Samos, The valley of the Nightingales. 17 - 31 July 2003,

Keith Heaven

All of my sightings were around a single valley, The valley of the Nightingales. I have decided to divide up my sightings according to the habitat ie from the bare mountain tops via the fields and woods to the sea.

1.The upper crags and the bare hills.

The valley rises into the mountains to the village of Manolates.

Above the trees,closer to the village, the habitat was more open with more cultivation,especially olive groves and vines. Higher up still,the mountains are craggy,bare and steep.

Apart from flocks of higher flying SWALLOWS, RED-RUMPED SWALLOWS and HOUSE MARTINS the main birds seen high up were raptors.

Single LONG LEGGED BUZZARDS were seen on several days ,either high above the hill village or lower down the valley.

More exciting were a pair of SHORT TOED EAGLES seen displaying together.They would fly at each other,extending their talons towards each other and briefly grappling before breaking away, leaving their legs still dangling.
One evening they displayed in front of our Hotel--The Daphne--which is on a slope facing woods and bare cliffs.
The birds frequently landed on tree tops or the tops of crags but I could not identify any possible nest site.

At least two PEREGRINES also frequented the valley,though,as well as soaring high up,they also flew down very low over the tree tops. On one occasion,I watched a PEREGRINE climbing to try to harass a LONG LEGGED BUZZARD but the larger bird did not seem too worried.

As well as the raptors, I  saw up to four RAVENS at a time over the mountains.I never saw any interaction between the birds of prey and the RAVENS but I saw six HOODED CROWS crossing the valley in confident formation until suddenly encountering a direct attack by a RAVEN.Without hesitation,and still in perfect formation,they swiftly turned 180 degrees and fled back the way they had come!

2.The woods and streams.

Much of the valley--which is also called Aidonia---is covered in dense,shady woodland, especially along the streams which were flowing strongly even in late July when we visited.

The main tree species were Scots Pine,Plane and Cypress with an understorey of shrubs such as bramble and honeysuckle.

I never saw-or heard-any Nightingales in the Valley of the Nightingales,though I know that previous observers have been luckier.I was probably too late in the season.
As well as the hirundines mentioned,I saw one or two ALPINE SWIFTS following the valley,lower down.
HOODED CROWS and JAYS were very common in the trees and,especially , out in the fields and orchards nearer the mouth of the valley.

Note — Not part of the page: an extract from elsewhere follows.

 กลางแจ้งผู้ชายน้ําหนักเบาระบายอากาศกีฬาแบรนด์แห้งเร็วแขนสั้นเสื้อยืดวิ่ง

One day ,I walked along one of the streams,following a juvenile YELLOW WAGTAIL which just kept ahead of me, hopping from rock to rock. WOOD PIGEONS, COLLARED DOVES and a few TURTLE DOVES could be encountered in clearings or along roads and tracks.

In the tree tops were numerous GREAT TITS, CHAFFINCHES, HOUSE SPARROWS and a few very shy ROBINS.

Once, I startled a flock of CHUKAR from the ground under a clump of pine trees and they flew off silently but not far.Later, I found a dead one beside the road running up the valley.

Most nights--and,curiously--once in the hot afternoon,TAWNY OWLS called to each other from trees on both sides of the valley.

3. The sea.

The sea shore at Agios Constantinos,on the north coast of Samos.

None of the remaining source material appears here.